■ **Task to complete**: How do the lines below between the ones holding "Low-Top-Sneakers mit perforierter" and "സേവാ സപ്താഹം ;", inclusive, read? Give them again exactly, with no other lines.

*** Opening of Information given ***

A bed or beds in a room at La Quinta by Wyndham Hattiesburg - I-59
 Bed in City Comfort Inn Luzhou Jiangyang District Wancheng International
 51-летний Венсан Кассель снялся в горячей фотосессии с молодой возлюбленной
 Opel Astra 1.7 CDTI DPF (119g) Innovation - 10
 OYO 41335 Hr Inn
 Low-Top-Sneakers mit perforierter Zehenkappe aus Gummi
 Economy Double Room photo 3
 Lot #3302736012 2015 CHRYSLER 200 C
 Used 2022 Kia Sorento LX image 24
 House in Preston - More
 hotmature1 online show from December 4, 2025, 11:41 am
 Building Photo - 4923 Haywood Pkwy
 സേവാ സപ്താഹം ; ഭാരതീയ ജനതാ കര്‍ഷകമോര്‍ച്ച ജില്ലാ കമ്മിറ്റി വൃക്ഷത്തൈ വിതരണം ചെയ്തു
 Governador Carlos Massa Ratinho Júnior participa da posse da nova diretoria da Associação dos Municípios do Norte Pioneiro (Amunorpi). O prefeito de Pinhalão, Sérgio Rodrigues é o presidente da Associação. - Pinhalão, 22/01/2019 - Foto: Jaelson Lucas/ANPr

*** Close of Information given ***

■ **The answer**:
 Low-Top-Sneakers mit perforierter Zehenkappe aus Gummi
 Economy Double Room photo 3
 Lot #3302736012 2015 CHRYSLER 200 C
 Used 2022 Kia Sorento LX image 24
 House in Preston - More
 hotmature1 online show from December 4, 2025, 11:41 am
 Building Photo - 4923 Haywood Pkwy
 സേവാ സപ്താഹം ; ഭാരതീയ ജനതാ കര്‍ഷകമോര്‍ച്ച ജില്ലാ കമ്മിറ്റി വൃക്ഷത്തൈ വിതരണം ചെയ്തു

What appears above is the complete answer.